Mike Pompeo sagte vorher im Juli im kalifornischen Yorba Linda, mit seiner Politik wolle er das chinesische Volk stärken. Es handele sich dabei um ein dynamisches, freiheitsliebendes Volk, das sich völlig von der Kommunistischen Partei Chinas unterscheide.
US-Außenminister Pompeo (links) und sein chinesischer Amtskollege Wang vor den Flaggen ihrer Länder.
US-Außenminister Pompeo (links) und sein chinesischer Amtskollege Wang.© picture alliance / dpa / MAXPPP
Aus Sicht der chinesischen Staatsführung ist das eine Provokation.
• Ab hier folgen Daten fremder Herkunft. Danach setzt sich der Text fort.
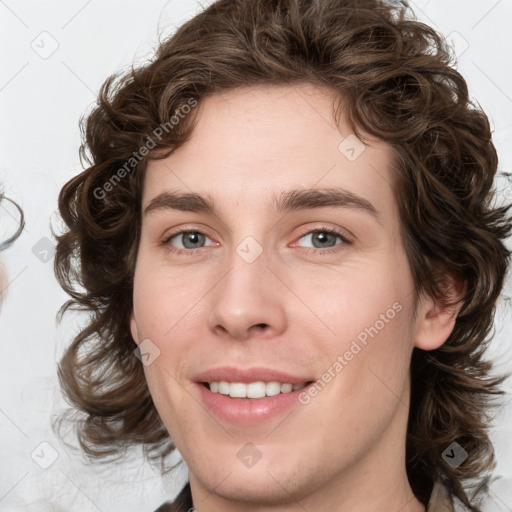 Joyful white young-adult female with medium  brown hair and green eyes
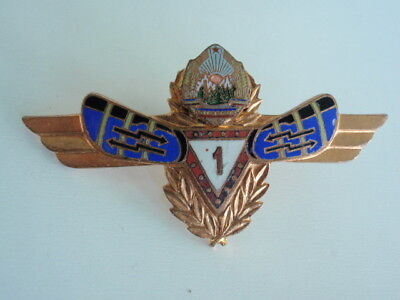 ROMANIA SOCIALIST AIR FORCE COMMUNICATION BADGE MEDAL 1ST GRADE RSR TY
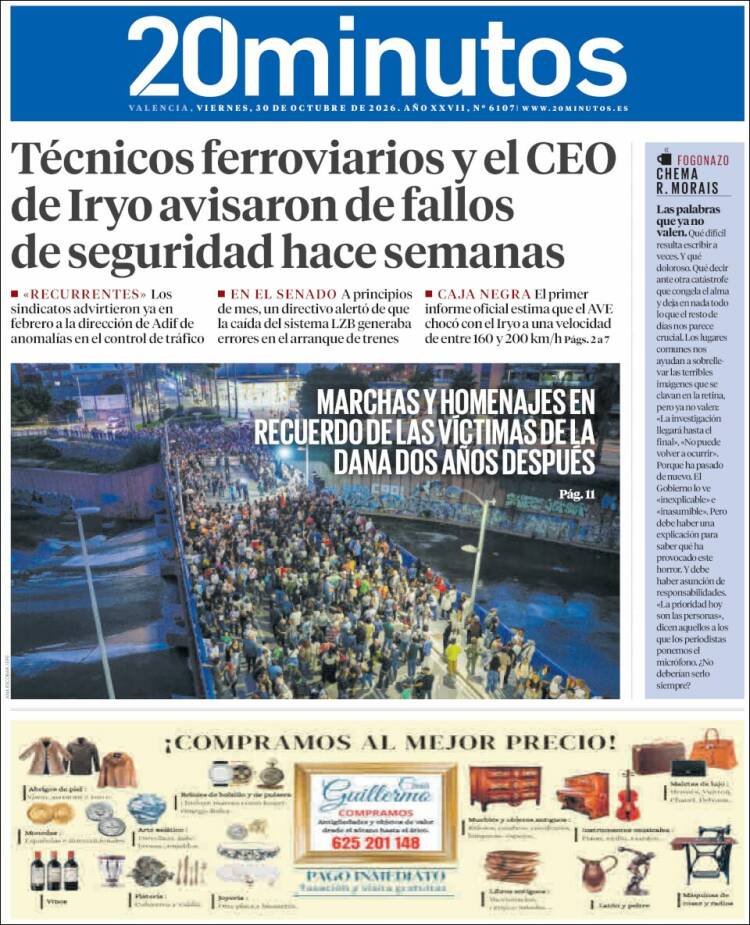 Portada de 20 Minutos - Valencia (Espa&ntilde;a)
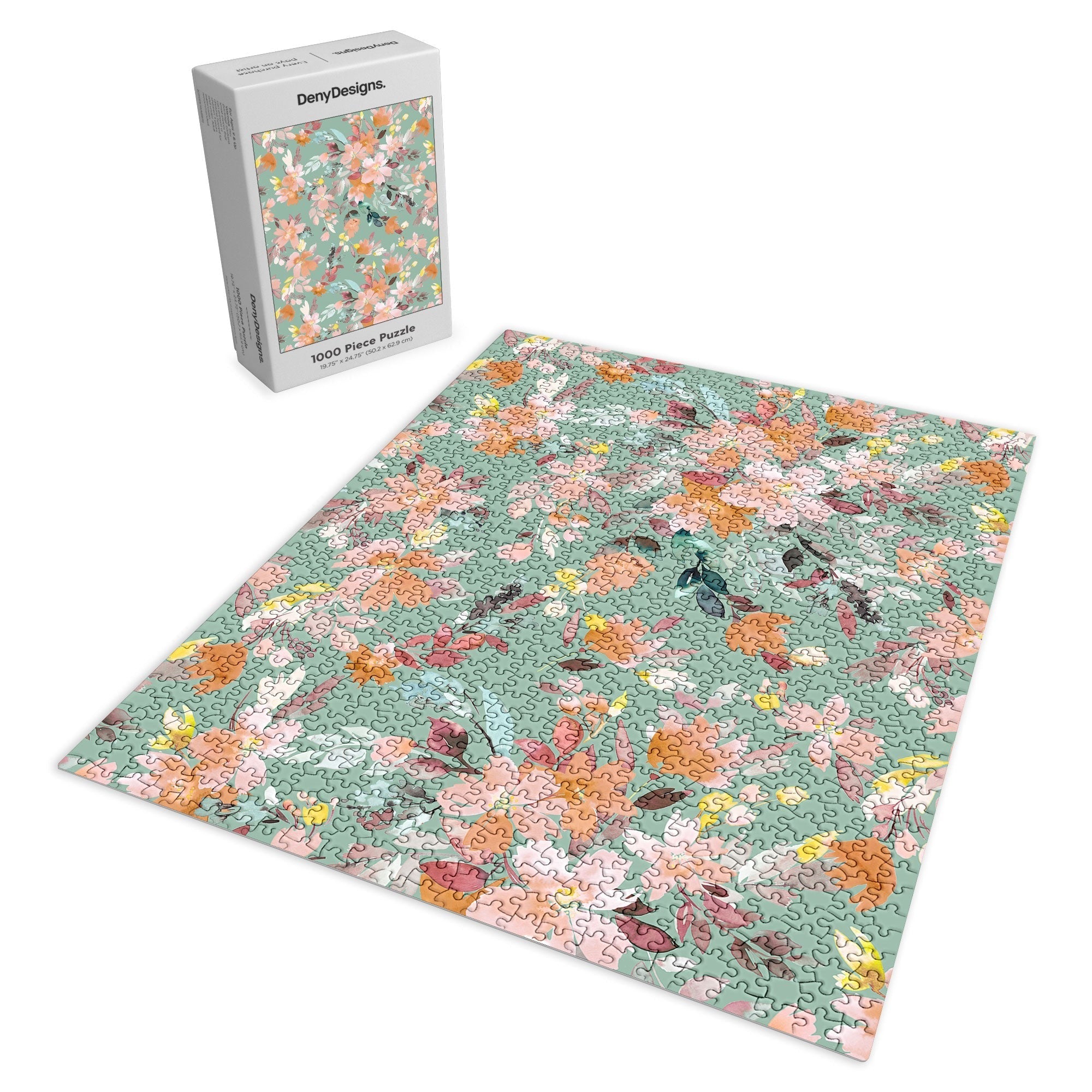Ninola Design Botanic Retreat Floral Oleander Whimsical Teal Green Puzzle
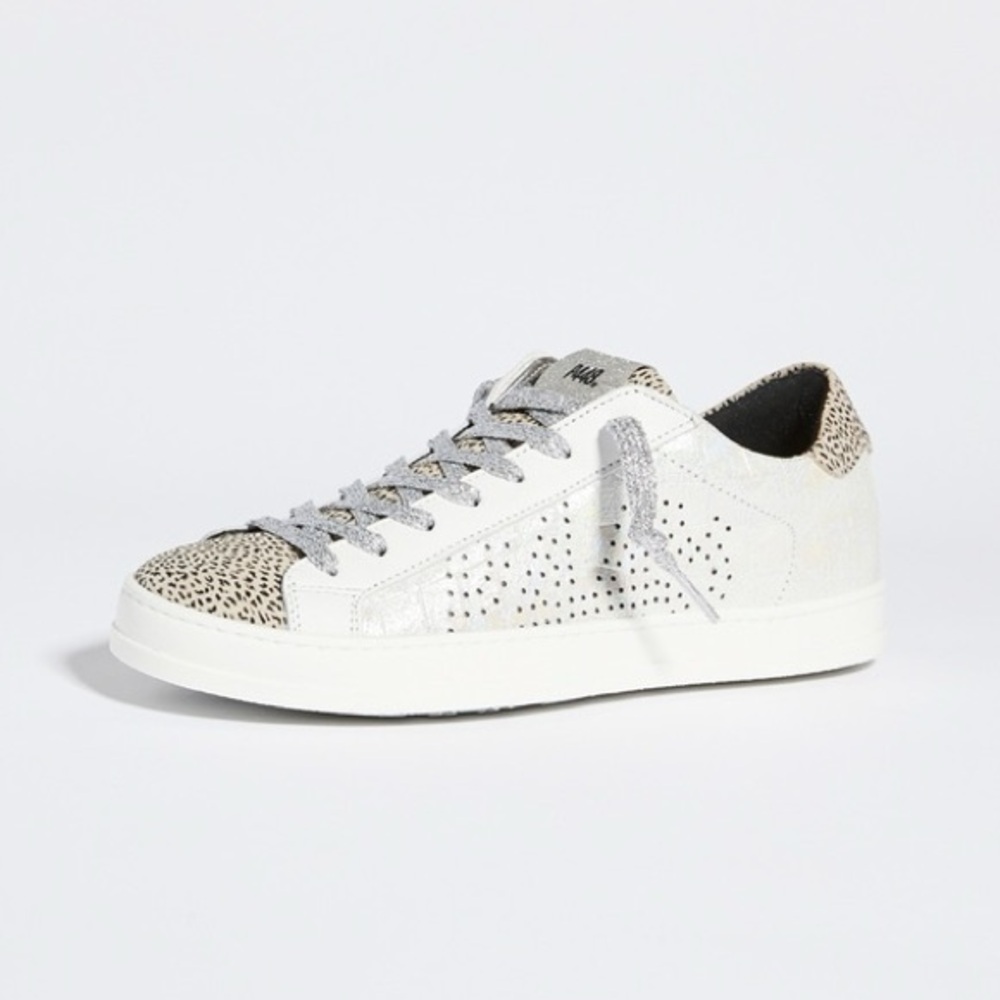 NEW P448 John Low Top Cheetah Print Textured Leather Sneakers in Metallic Silver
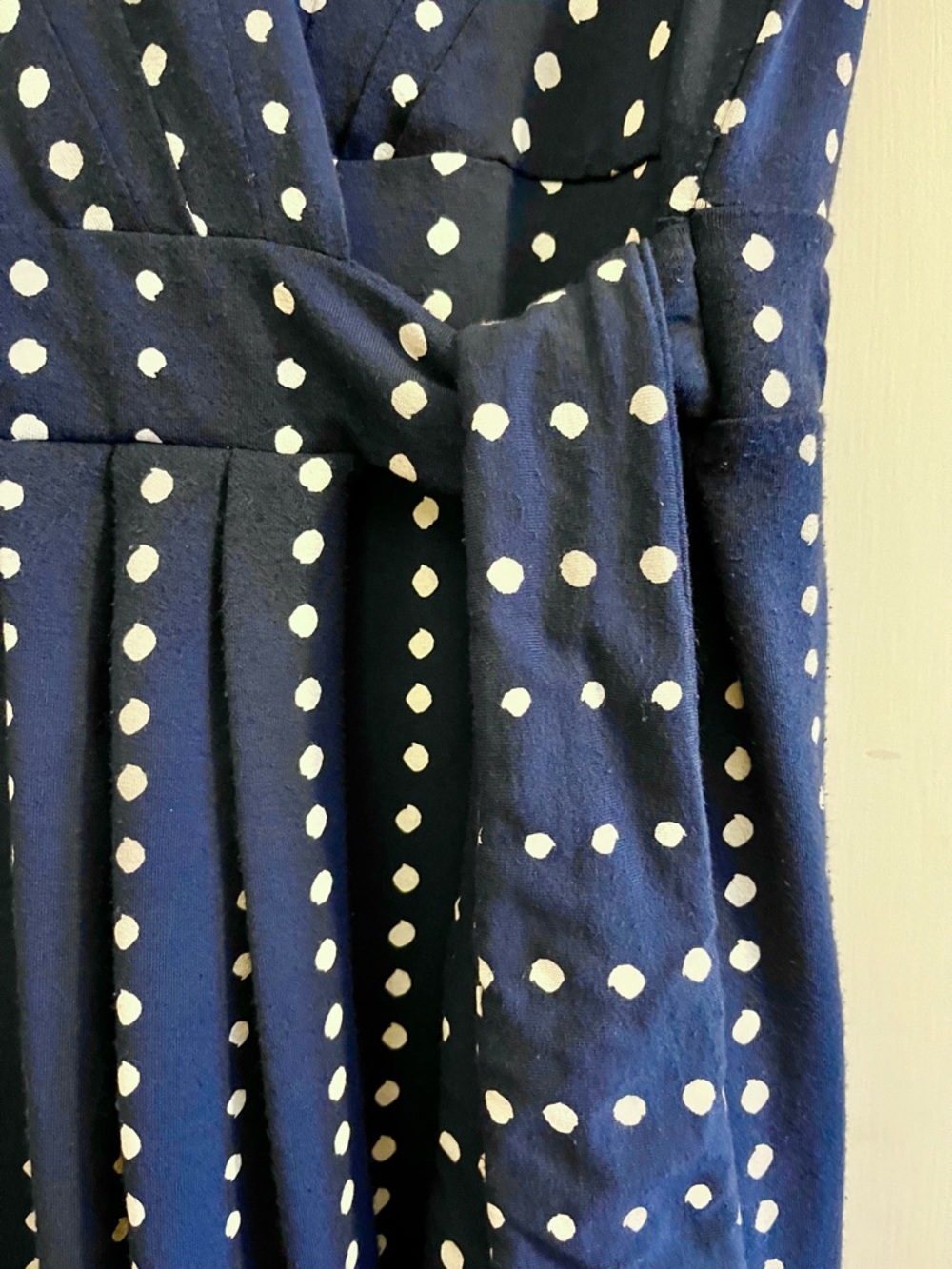 Ann Taylor Navy Blue and White Polka Dot Wrap Midi Dress - Picture 3 of 7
Denn sie versucht nach innen und außen immer wieder das Bild zu vermitteln, das Land China, die Bevölkerung, die Staatsführung und die Kommunistische Partei seien ein einheitliches, untrennbares Gebilde. Und genau diesem Narrativ widerspricht Mike Pompeo immer wieder.
Shen Dingli vom Zentrum für Amerikastudien an der Shanghaier Fudan-Universität meint, es gehe vor allem um die wirtschaftliche Führung auf der Welt:
"Die US-Regierung will nicht akzeptieren, dass die Wirtschaftsleistung Chinas schon zwei Drittel des Wertes der USA erreicht hat. Es dauert nur noch ein Jahrzehnt, dann hat China die USA in Sachen Wirtschaftskraft überholt!"
Dieser Wettstreit wird weitergehen, so der Politologe Eric Hundman von der privaten New York University in Shanghai, aber anders bei einem Regierungswechsel:
"Eine Regierung Biden würde sicherlich verbal abrüsten, was die Differenzen mit China angeht. Allerdings handelt es sich bei den meisten Themen um grundsätzliche Widersprüche. Es würde also auch unter einem Präsidenten Joe Biden künftig Diskussionen und auch Streit geben zwischen beiden Seiten."